> _Exercise requirements_
Leaving out the pictures, return word for word the stretch of entries below from the line holding "Souflé de galinha by Vania" through the line holding "Dipicu Geber Motor".

> _Supplied data_
==================================================
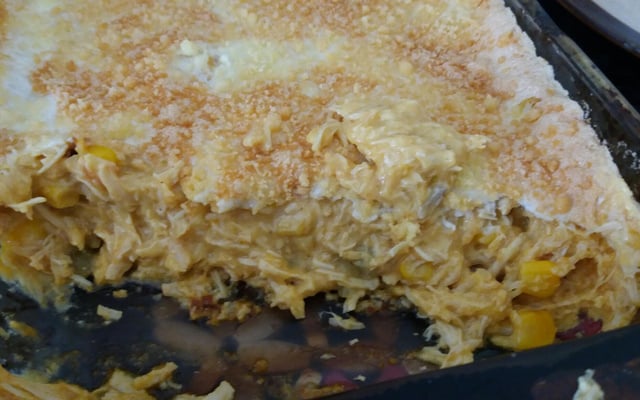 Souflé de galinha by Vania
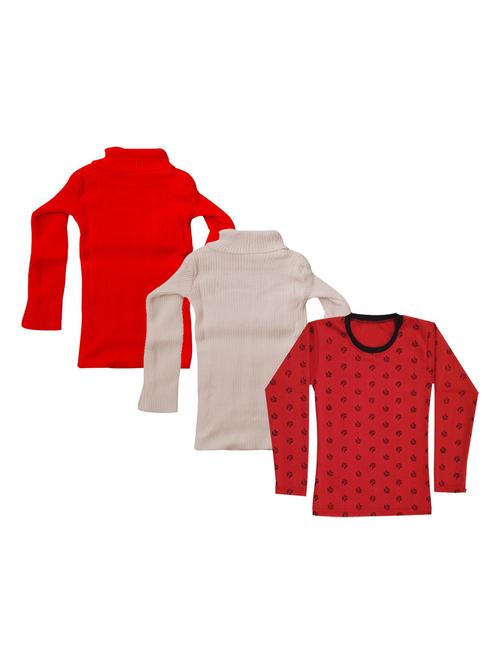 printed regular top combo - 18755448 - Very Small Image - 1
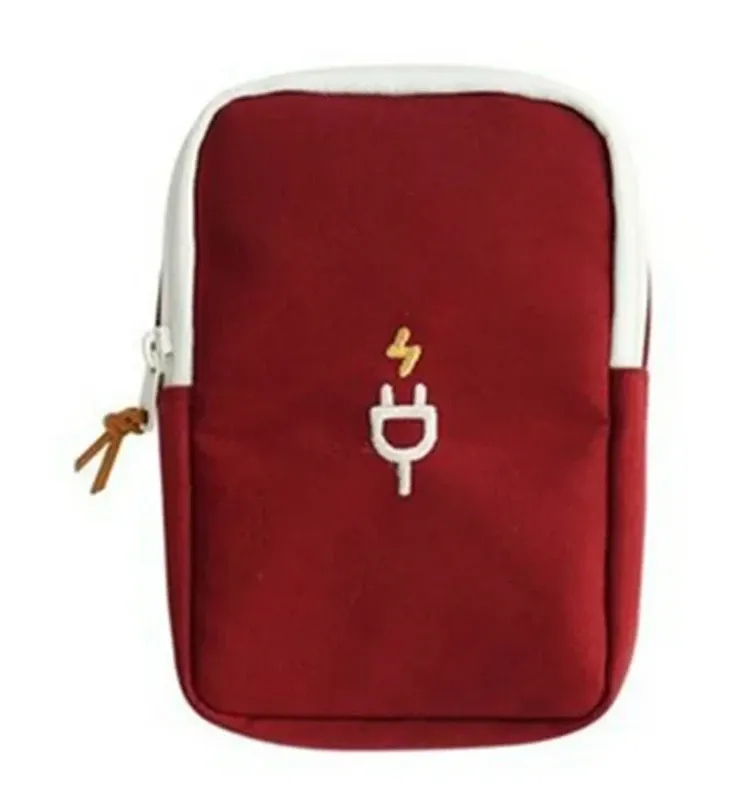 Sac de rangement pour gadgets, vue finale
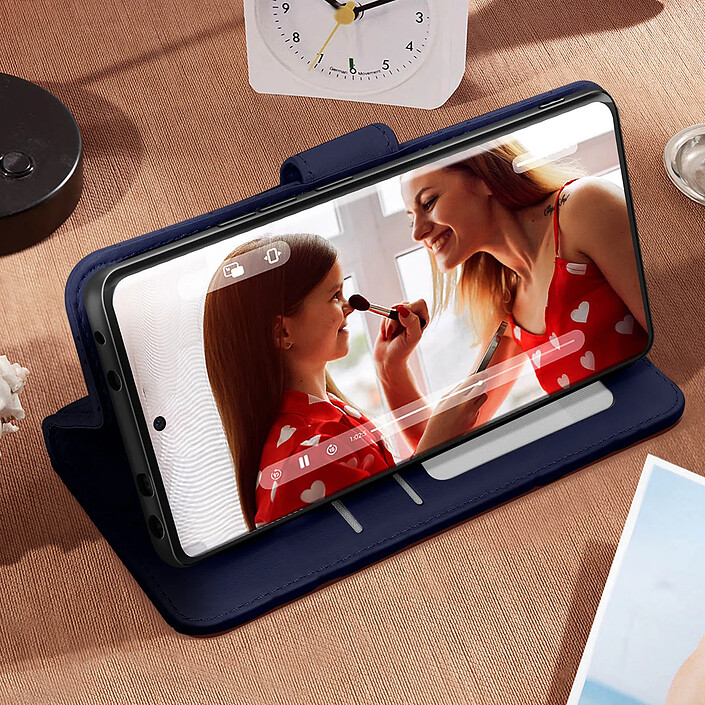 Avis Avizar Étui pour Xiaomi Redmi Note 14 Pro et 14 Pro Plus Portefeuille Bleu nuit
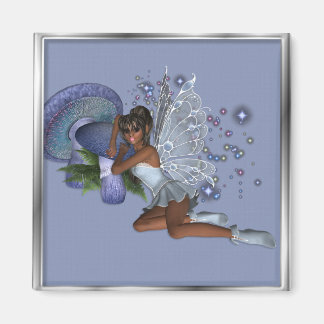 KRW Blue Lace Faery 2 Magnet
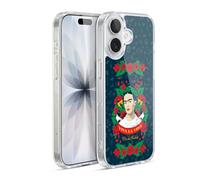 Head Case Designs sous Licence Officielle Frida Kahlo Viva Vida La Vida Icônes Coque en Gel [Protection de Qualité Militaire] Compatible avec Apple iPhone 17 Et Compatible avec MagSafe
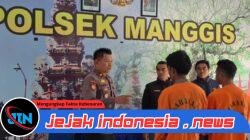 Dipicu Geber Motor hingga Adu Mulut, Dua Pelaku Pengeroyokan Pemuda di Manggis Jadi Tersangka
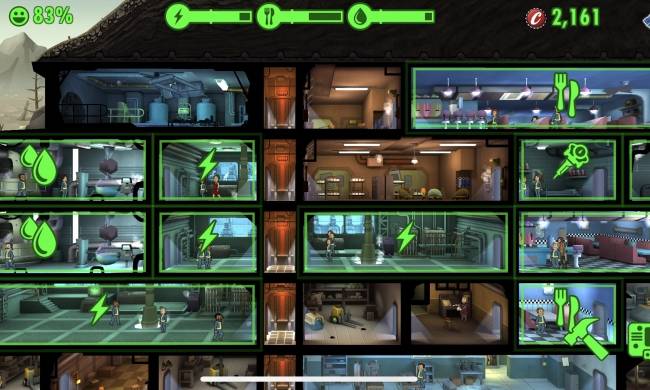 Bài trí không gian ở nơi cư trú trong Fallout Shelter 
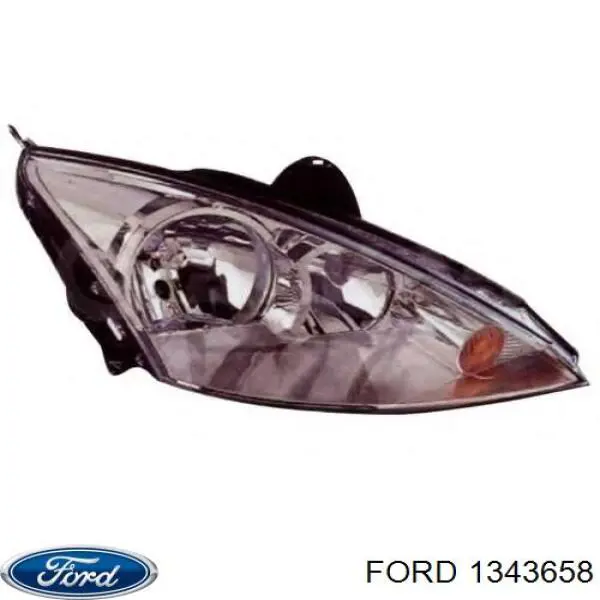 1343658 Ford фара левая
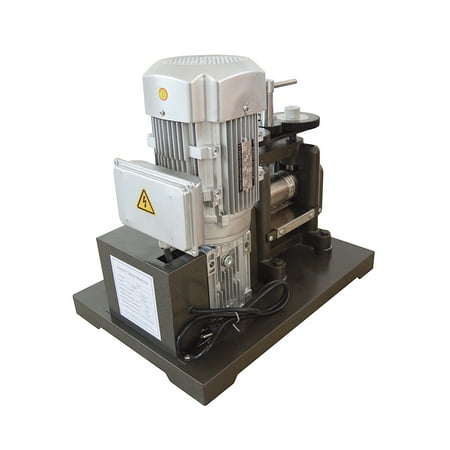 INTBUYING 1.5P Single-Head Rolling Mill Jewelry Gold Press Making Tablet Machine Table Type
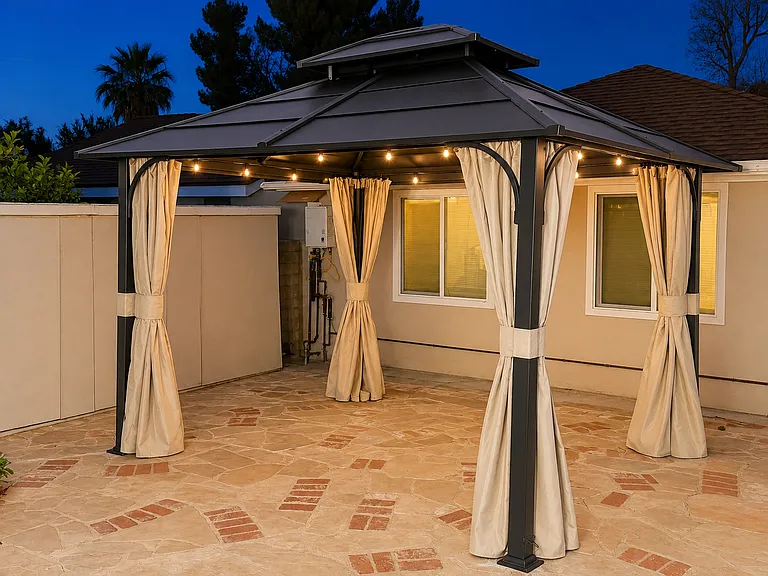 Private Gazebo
==================================================
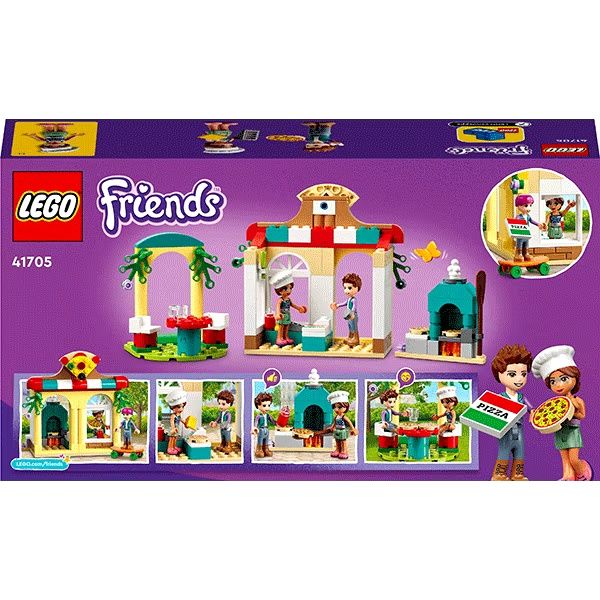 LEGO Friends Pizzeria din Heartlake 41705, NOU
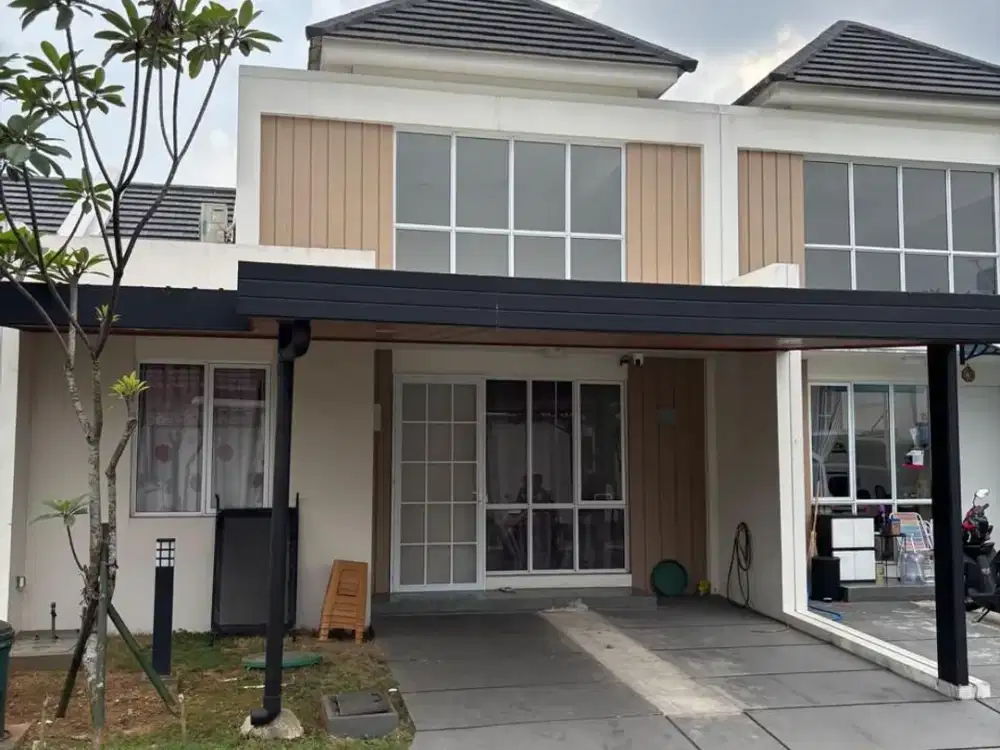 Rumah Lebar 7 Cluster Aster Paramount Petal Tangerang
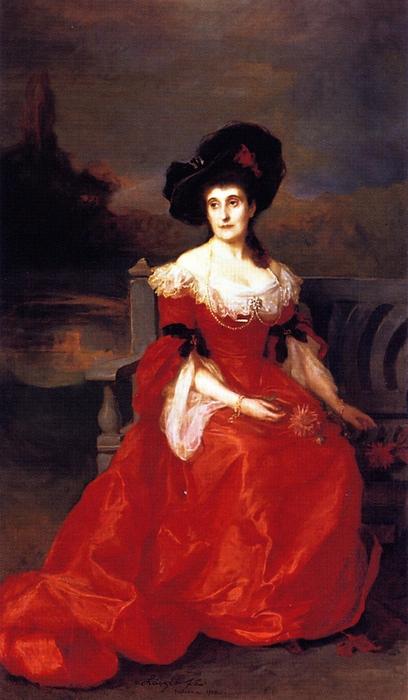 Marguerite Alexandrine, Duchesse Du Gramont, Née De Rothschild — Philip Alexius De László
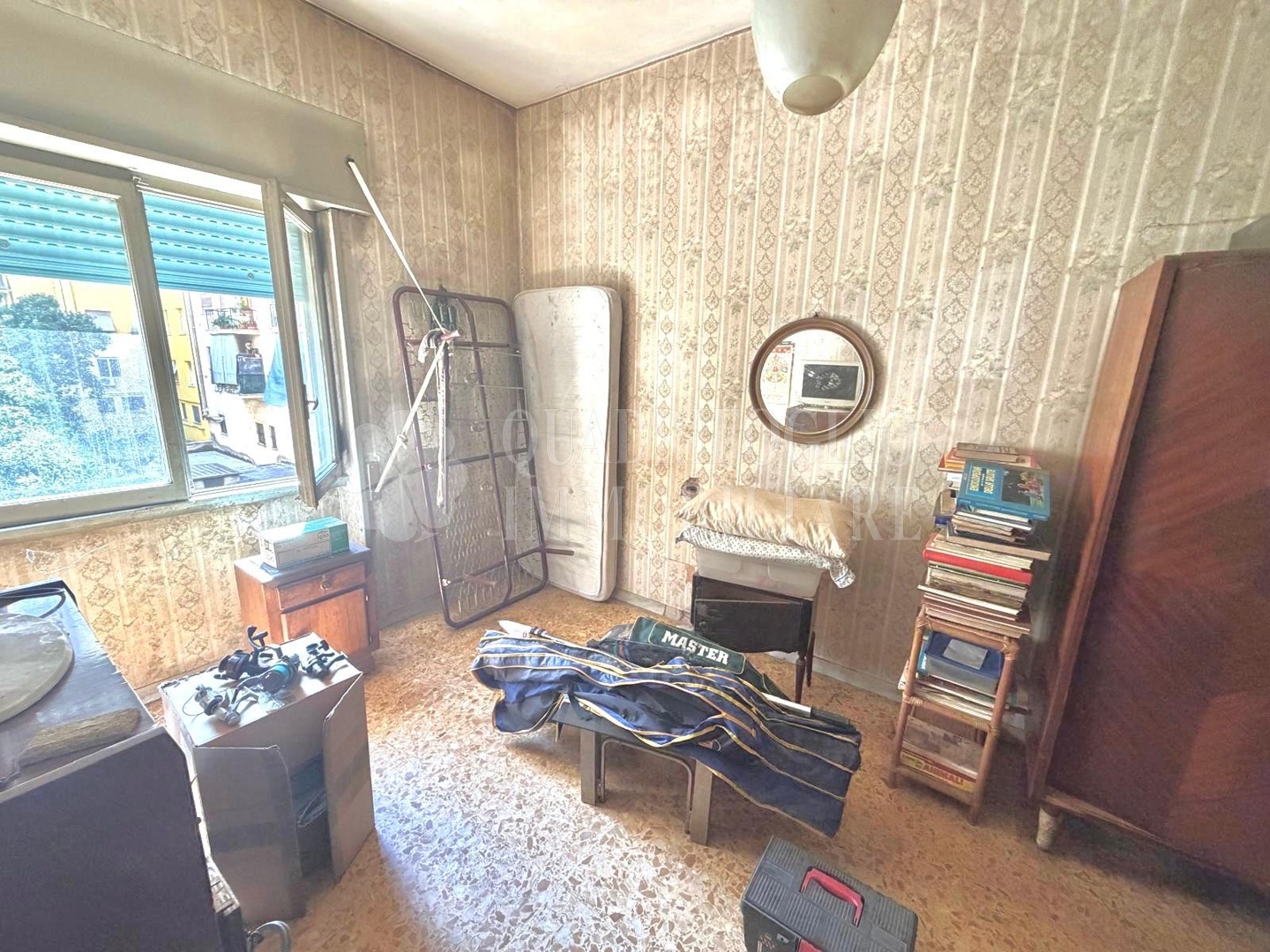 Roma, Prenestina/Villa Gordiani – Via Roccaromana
==================================================
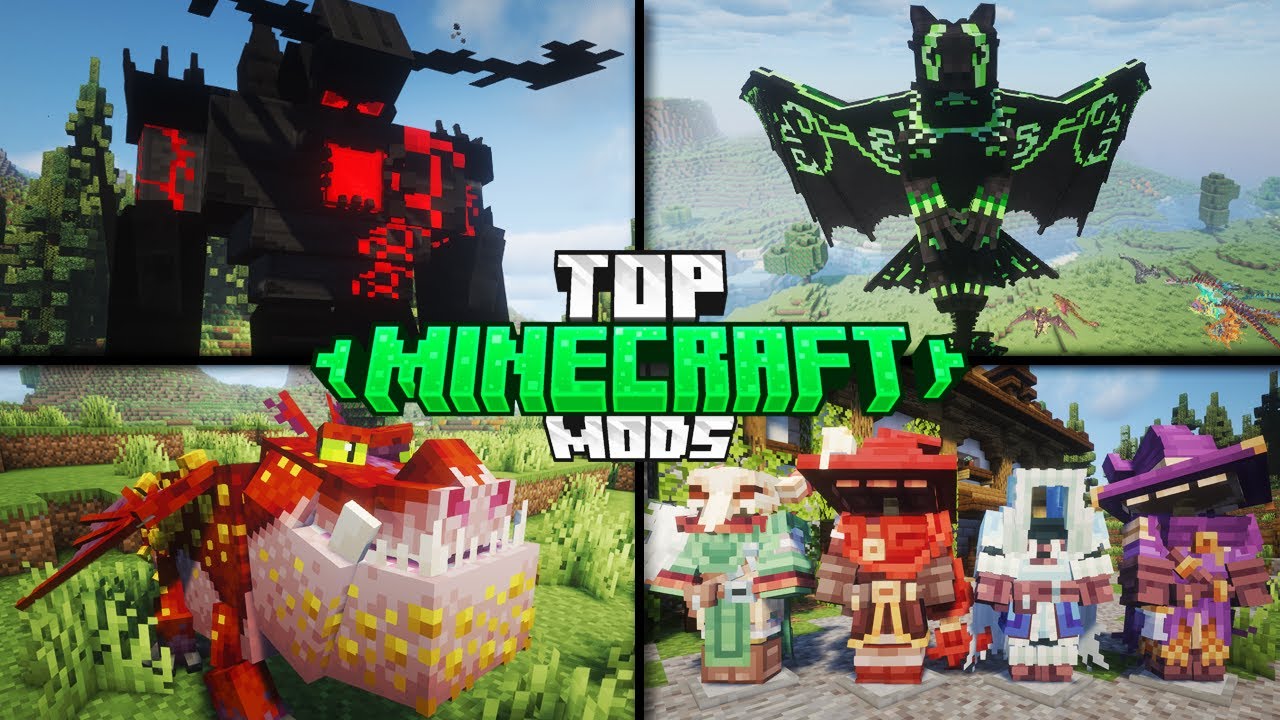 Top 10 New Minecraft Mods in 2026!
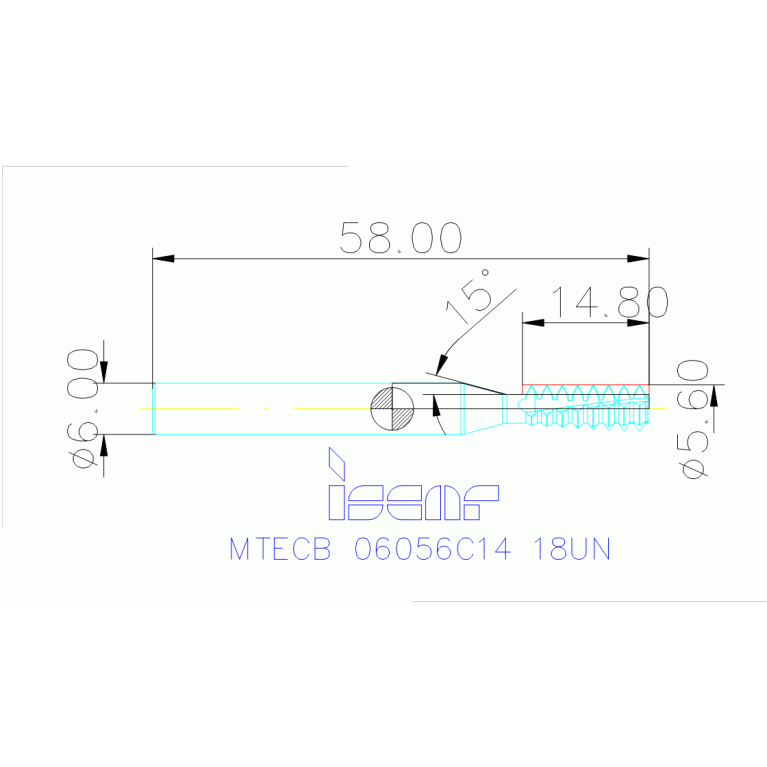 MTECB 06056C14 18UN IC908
==================================================
> _Written answer_
 Souflé de galinha by Vania
 printed regular top combo - 18755448 - Very Small Image - 1
 Sac de rangement pour gadgets, vue finale
 Avis Avizar Étui pour Xiaomi Redmi Note 14 Pro et 14 Pro Plus Portefeuille Bleu nuit
 KRW Blue Lace Faery 2 Magnet
 Head Case Designs sous Licence Officielle Frida Kahlo Viva Vida La Vida Icônes Coque en Gel [Protection de Qualité Militaire] Compatible avec Apple iPhone 17 Et Compatible avec MagSafe
 Dipicu Geber Motor hingga Adu Mulut, Dua Pelaku Pengeroyokan Pemuda di Manggis Jadi Tersangka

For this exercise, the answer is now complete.